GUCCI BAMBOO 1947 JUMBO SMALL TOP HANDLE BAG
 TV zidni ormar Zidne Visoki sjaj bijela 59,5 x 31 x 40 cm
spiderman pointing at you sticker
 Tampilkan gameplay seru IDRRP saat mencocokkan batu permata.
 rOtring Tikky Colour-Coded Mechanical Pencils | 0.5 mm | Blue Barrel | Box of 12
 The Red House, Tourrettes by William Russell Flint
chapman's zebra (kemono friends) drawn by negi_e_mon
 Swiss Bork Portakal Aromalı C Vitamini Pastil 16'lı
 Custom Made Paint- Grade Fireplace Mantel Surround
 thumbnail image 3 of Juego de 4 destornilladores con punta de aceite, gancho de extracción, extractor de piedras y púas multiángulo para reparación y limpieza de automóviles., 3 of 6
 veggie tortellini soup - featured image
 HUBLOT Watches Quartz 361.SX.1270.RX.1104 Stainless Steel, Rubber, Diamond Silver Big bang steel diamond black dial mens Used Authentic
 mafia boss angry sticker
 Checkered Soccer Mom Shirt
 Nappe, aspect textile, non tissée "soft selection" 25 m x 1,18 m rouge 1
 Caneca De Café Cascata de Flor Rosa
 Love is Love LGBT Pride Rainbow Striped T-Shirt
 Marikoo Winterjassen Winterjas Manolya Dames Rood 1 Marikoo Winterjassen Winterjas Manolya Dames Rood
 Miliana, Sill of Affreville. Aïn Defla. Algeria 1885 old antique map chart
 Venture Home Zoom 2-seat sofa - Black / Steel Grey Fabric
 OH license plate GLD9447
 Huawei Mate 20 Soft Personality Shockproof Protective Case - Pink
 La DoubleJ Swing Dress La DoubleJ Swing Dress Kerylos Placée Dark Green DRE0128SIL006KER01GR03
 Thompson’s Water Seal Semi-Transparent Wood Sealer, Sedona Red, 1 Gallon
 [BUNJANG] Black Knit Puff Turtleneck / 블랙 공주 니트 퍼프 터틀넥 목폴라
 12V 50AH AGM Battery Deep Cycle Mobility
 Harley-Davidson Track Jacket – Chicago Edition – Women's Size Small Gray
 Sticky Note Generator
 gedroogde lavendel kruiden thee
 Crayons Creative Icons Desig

───

Copy each line of the data above exactly as it appears.

GUCCI BAMBOO 1947 JUMBO SMALL TOP HANDLE BAG
 TV zidni ormar Zidne Visoki sjaj bijela 59,5 x 31 x 40 cm
spiderman pointing at you sticker
 Tampilkan gameplay seru IDRRP saat mencocokkan batu permata.
 rOtring Tikky Colour-Coded Mechanical Pencils | 0.5 mm | Blue Barrel | Box of 12
 The Red House, Tourrettes by William Russell Flint
chapman's zebra (kemono friends) drawn by negi_e_mon
 Swiss Bork Portakal Aromalı C Vitamini Pastil 16'lı
 Custom Made Paint- Grade Fireplace Mantel Surround
 thumbnail image 3 of Juego de 4 destornilladores con punta de aceite, gancho de extracción, extractor de piedras y púas multiángulo para reparación y limpieza de automóviles., 3 of 6
 veggie tortellini soup - featured image
 HUBLOT Watches Quartz 361.SX.1270.RX.1104 Stainless Steel, Rubber, Diamond Silver Big bang steel diamond black dial mens Used Authentic
 mafia boss angry sticker
 Checkered Soccer Mom Shirt
 Nappe, aspect textile, non tissée "soft selection" 25 m x 1,18 m rouge 1
 Caneca De Café Cascata de Flor Rosa
 Love is Love LGBT Pride Rainbow Striped T-Shirt
 Marikoo Winterjassen Winterjas Manolya Dames Rood 1 Marikoo Winterjassen Winterjas Manolya Dames Rood
 Miliana, Sill of Affreville. Aïn Defla. Algeria 1885 old antique map chart
 Venture Home Zoom 2-seat sofa - Black / Steel Grey Fabric
 OH license plate GLD9447
 Huawei Mate 20 Soft Personality Shockproof Protective Case - Pink
 La DoubleJ Swing Dress La DoubleJ Swing Dress Kerylos Placée Dark Green DRE0128SIL006KER01GR03
 Thompson’s Water Seal Semi-Transparent Wood Sealer, Sedona Red, 1 Gallon
 [BUNJANG] Black Knit Puff Turtleneck / 블랙 공주 니트 퍼프 터틀넥 목폴라
 12V 50AH AGM Battery Deep Cycle Mobility
 Harley-Davidson Track Jacket – Chicago Edition – Women's Size Small Gray
 Sticky Note Generator
 gedroogde lavendel kruiden thee
 Crayons Creative Icons Desig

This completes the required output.